Corporate spreads generally performed well during the first half of the quarter. US spreads outperformed Treasuries as the Trump euphoria has waned to some extent, but the outlook for corporates continues to benefit from the administration’s plans to stimulate the economy. Allocation to communications, banking, and capital goods sectors contributed positively. Hard currency emerging market credits from Latin America, particularly Brazil and Chile, also added value. Issuers from technology and consumer sectors were another positive source of relative returns.
In the US, one of the unknown risk factors remains trade policy, as increased protectionism and/or a potentially disruptive ‘border tax’ could weigh on growth. Economic numbers are expected to remain supportive as the dollar has stabilised, and corporate earnings appear to be improving.
Catalysts for volatility remain as Europe continues to face a number of political challenges such as the French and German upcoming elections, still-unresolved Italian leadership and banking situations, and ongoing repercussions from Brexit
Major share markets have advanced this year, supported by optimism about US economic growth and corporate profits in the context of policies of the Trump administration, and more hawkish commentary from the US Federal Reserve. Positive sentiment has also been evident in Europe, aided by progression of the UK’s Brexit process, positive economic data and favourable signals from the corporate earnings season.
Investments in Apple, Visa and Lowe’s made the largest contributions to performance during the period. Apple was our best-performing stock this year. Its share price has been driven to a record high following its latest quarterly earnings update. iPhone popularity remains high and iPhone 7/7+ sales are continuing to grow, driving double-digit growth in the number of Apple product users.

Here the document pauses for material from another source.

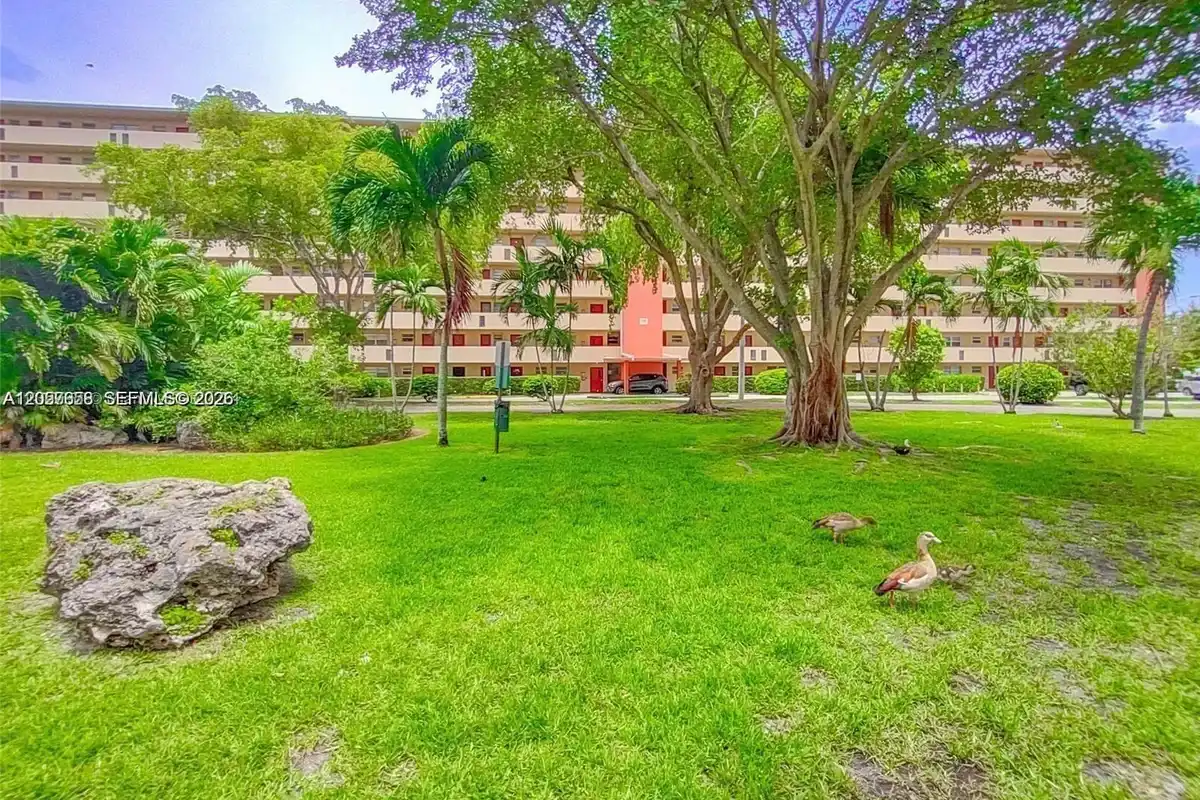1710 NE 191st St #103-3, Miami: photo 1 of 16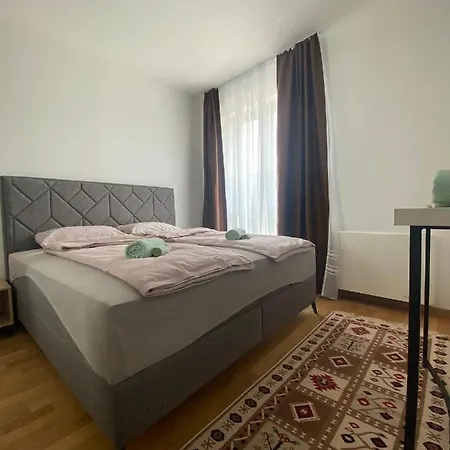 Apartament Sky&river *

Visa’s share price has advanced following the release of higher-than-expected first-quarter earnings which demonstrated strong payments and cross-border transaction volumes across its regions.
Target – the second-largest discount store group in the United States – has been the main detractor from performance this year. Target’s share price declined following the release of the company’s fourth-quarter earnings, in which comparative sales were negative over the Christmas period and the company’s management concurrently announced very material downgrades to earnings expectations. This was due to implementation of new strategic initiatives which will entail resetting profitability to contend with an increasingly competitive retail environment.

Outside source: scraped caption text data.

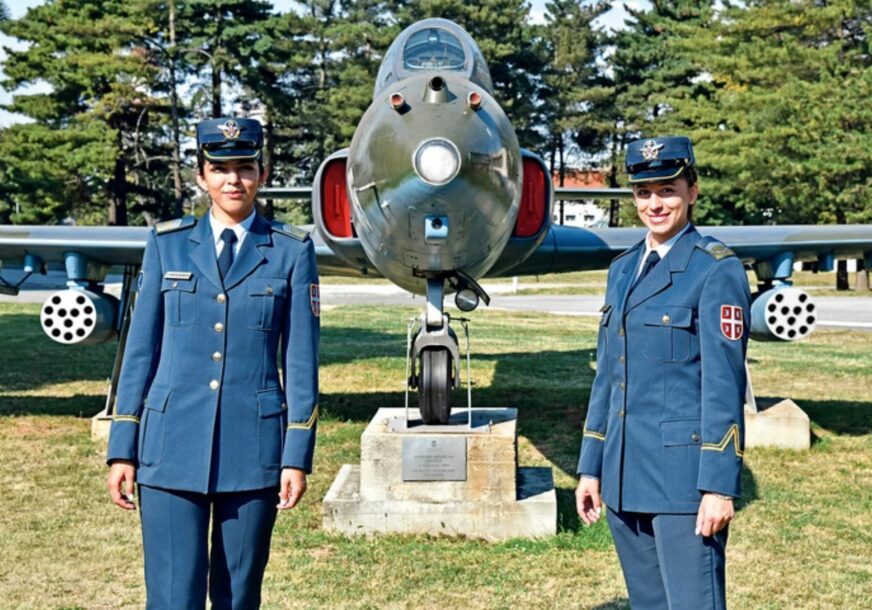 NAJLJEPŠE POJAČANJE VOJSKE SRBIJE Tijana i Lidija prve su ŽENE PILOTI poslije devet godina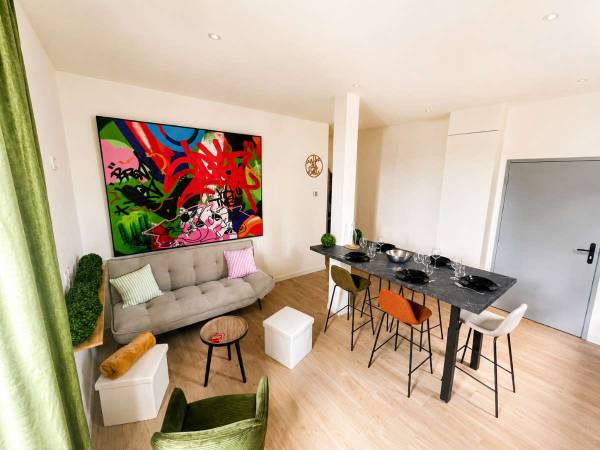 Colocation / Appartement 6 pièces de 96 m², Toulouse, Rue Pages / Photo 2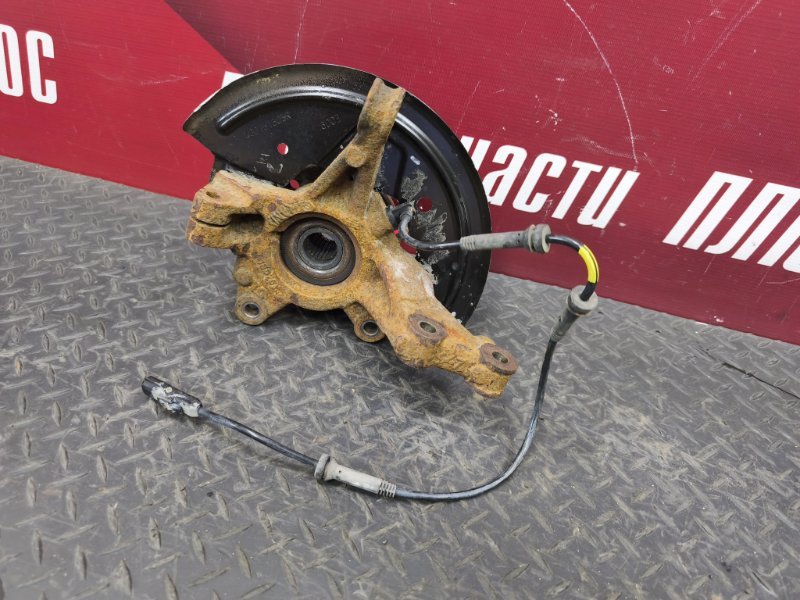 Кулак поворотный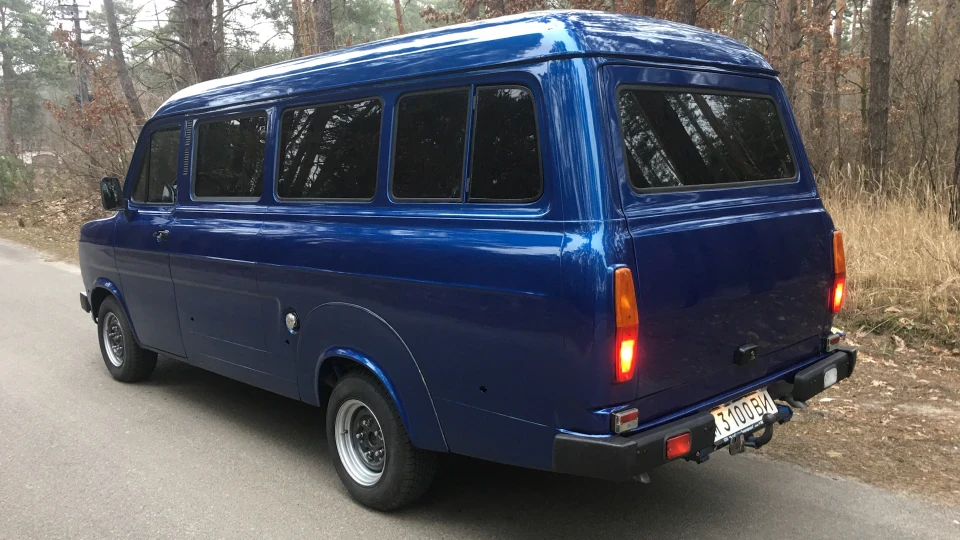 Ford Transit Синій Бегемот V6 2.9 BRD 4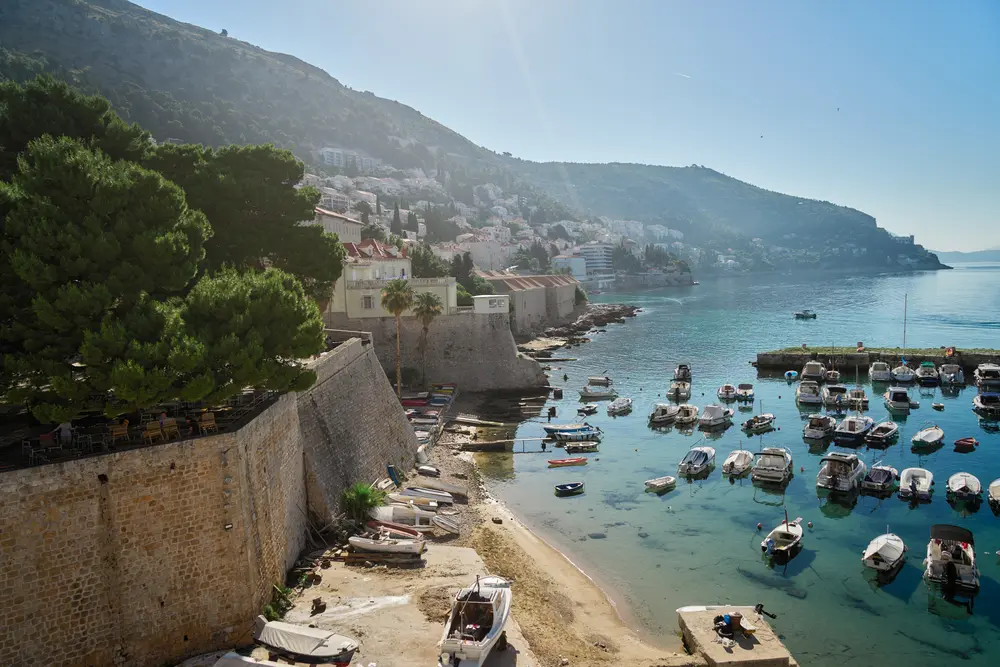 2026-06-10_dubrovnik_boats-below-city-walls_dsc04877.jpg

UK Growth and UK & General Progressive
Over the quarter, despite data highlighting evidence to the contrary, we witnessed a reversal of the inflation trade that had begun to emerge in the second half of last year; correspondingly investors returned to consumer staples after a small softening in valuations. We think investors don’t fully understand why the global economy picked up over the last year and as a result many now underestimate the risks of a slowdown within the next 12 months.
To understand why, you have to consider what has been driving the improvement over the last 12 months. There have been four main drivers, three of which are in the process of reversing: the sharp drop in oil prices in 2014/15, the subsequent collapse in bond yields to historic lows, and continued super-loose monetary policy. The fourth, which is probably peaking, is the major fiscal and monetary stimulus in China, which commenced in mid-2015.

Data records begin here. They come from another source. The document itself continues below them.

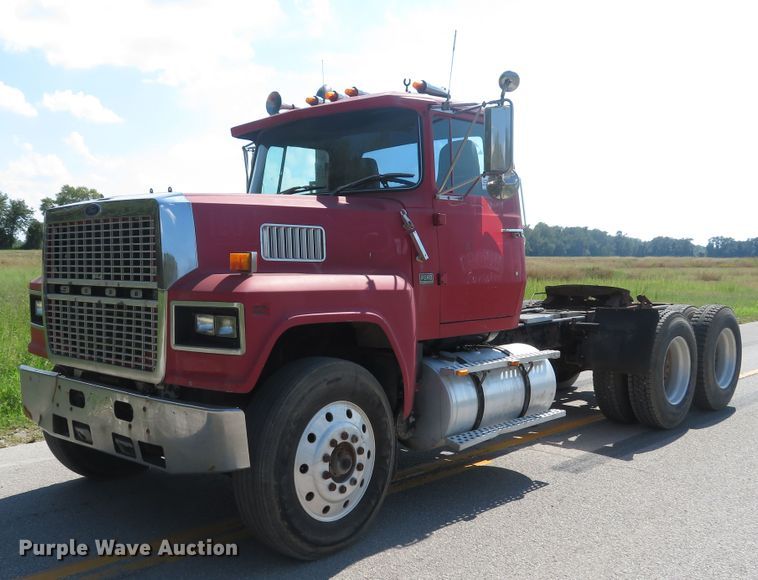 image for item DH1563 1983 Ford LTL9000 semi truck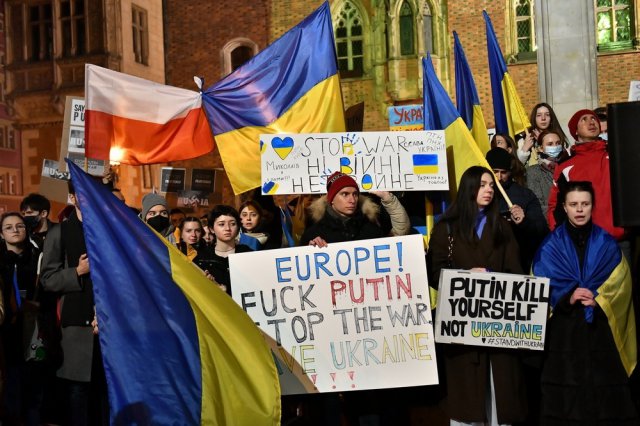 [FOTO] Wrocławianie manifestowali solidarność z Ukrainą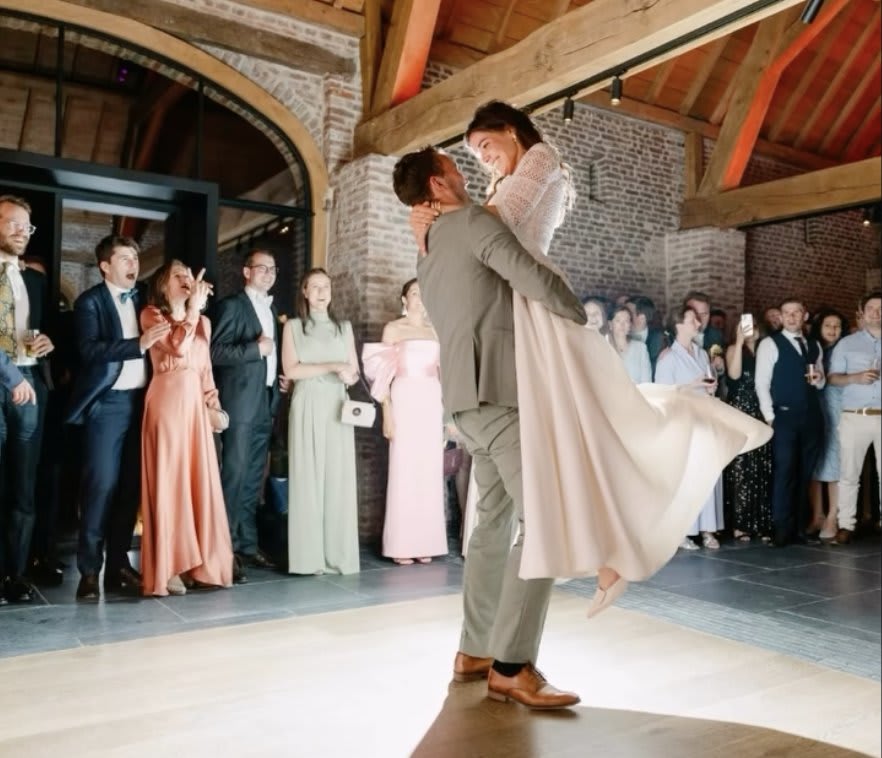 Marié portant sa femme lors de l'ouverture de bal, devant les invités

Being conscious of our commitment to a flexible approach and desire to perform for our clients in all market conditions, we are positioning the portfolio to navigate these uncertain times: we have reduced our commodity exposure, retaining a preference for gold miners, increased our exposure to fixed and mobile telecommunications and some undervalued UK consumer stocks, and continued to favour UK food retailers and banks. There remain a number of attractive money-making opportunities in these areas.
Pleasingly, over the quarter a number of our smaller holdings contributed positively to performance.
Centamin, the gold miner focused on Egypt, reported strong operational improvement and a 7% dividend payment (an increase from the previous payment), following a 26% increase in annual production.
The hedge fund Man Group reported a difficult set of results for 2016, but noted encouraging performance across most strategies at the start of 2017. Ashmore, the emerging market debt-fund specialist, reported the doubling of pre-tax profits for the six months to the end of 2016 indicating strong cost control and a gradual bottoming in fund flows after a volatile post-US election period last year.
On the negative side, Pearson’s headline losses in the report of its full-year results weakened the share price; but from a long-term viewpoint, the company is continuing on a path of positive reform. We have met management and have retained our holding.
BP also softened fund performance after its quarterly results fell short of consensus expectations as the impact of a lower oil price was felt. However, we have confidence in its dividend-paying ability, and the firm recently raised its projections for cash flow over the next five years. We remain focused on finding companies that we believe are improving operationally, in whatever sectors we can find.
Global Equity Income
Most global equity markets advanced over the period as increased investor optimism, which began after the US presidential election, continued into the New Year. Economic data from the US and Europe showed improvement and progress, giving investors further confidence. Much of the market’s attention was placed on the potential for US economic policies under President Trump to stimulate growth; as well as on upcoming political developments abroad, with elections to be held in Europe; and the UK’s exit from the European Union.
An underweight allocation to the energy sector and stock selection in the financial sector contributed to the strategy’s performance, with individual contributors including Philip Morris International, Apple and Wolters Kluwer.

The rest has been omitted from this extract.